Authentic and quaint, this small town is known for the glorious Wat Rong Khun, a looming white temple complex covered in unconventional décor—think skulls, monsters, and more. Though many tourists only pop over to Chiang Rai for a day-trip to see the famous Buddhist structure, Chiang Rai makes for a great long-term retirement spot.
The White Temple gets all the fame (the nine white elaborate buildings, including a bridge and moat make for gorgeous photos), but the lesser-known Black Temples are even more enticing. A complex made up of over 40 structures and several gardens, the Black Temples aren’t really temples at all. The eclectic buildings, designed by Thai artist Thawan Duchanee, are used as art studios, a home, a museum, and more.
Chiang Rai’s location also makes it the perfect jumping-off point for exploring some of the more remote corners of northern Thailand, such as the Golden Triangle, the historic center of the once-famed opium trade between Thailand, Laos, and Burma. Flight time from Bangkok is just an hour.

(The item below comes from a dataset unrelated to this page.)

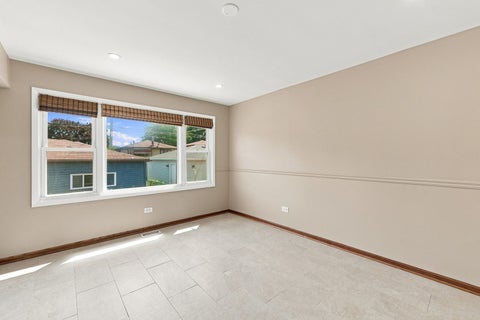 Tiny photo for 11625 S Avenue L, Chicago, IL 60617 (MLS # 12728944)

Expats here enjoy trekking with trails nearby, visiting traditional hill tribe villages or traveling to the larger city of Chiang Mai.
A couple can live well in culture-rich Chiang Rai on $1,800 a month, which includes money to travel.
Vũng Tàu, Vietnam
Vũng Tàu enjoys a spectacular location on a peninsula jutting out into the South China Sea, 60 miles southeast of Ho Chi Minh City. Over the centuries it has acted as a safe anchorage for European trading ships, a headquarters for plundering Malay pirates, a retreat for Vietnamese royalty, home to a former French president, and an R&R retreat for soldiers during the Vietnam War.
More recently Vũng Tàu became the center of Vietnam’s oil and gas industry which brought a diverse mix of international expats to its shore and bundles of money to develop essential infrastructure.
Over the years, Vũng Tàu’s cool sea breezes, long white beaches, manicured green spaces, and growing selection of top-notch resorts and restaurants, has made the city a favorite weekend getaway for those looking for a break away from Ho Chi Minh City. Most visitors to Vietnam never hear about it, let alone visit. But that’s changing fast. Vũng Tàu has emerged as one of Vietnam’s top beach locations and is home to a growing contingent of expats.
Although expat numbers are on the rise, Vung Tau’s population of around 450,000 is still predominantly Vietnamese. There’s a reasonable level of English spoken, especially in businesses catering for expats and tourists.
For a relatively small city by Vietnamese standards, there’s no shortage of cultural things to do and see in Vũng Tàu. There are several historical sites in the surrounding area, including many from the war era, and a world-class Arms museum.
Despite the new facilities, infrastructure, and fast pace of change, Vũng Tàu still retains a laidback vibe and remains uniquely Vietnamese.
Offering a beach lifestyle with the added bonus of a low cost of living, a couple can happily live on as little as $1,300 a month without sacrificing any of the comforts of home.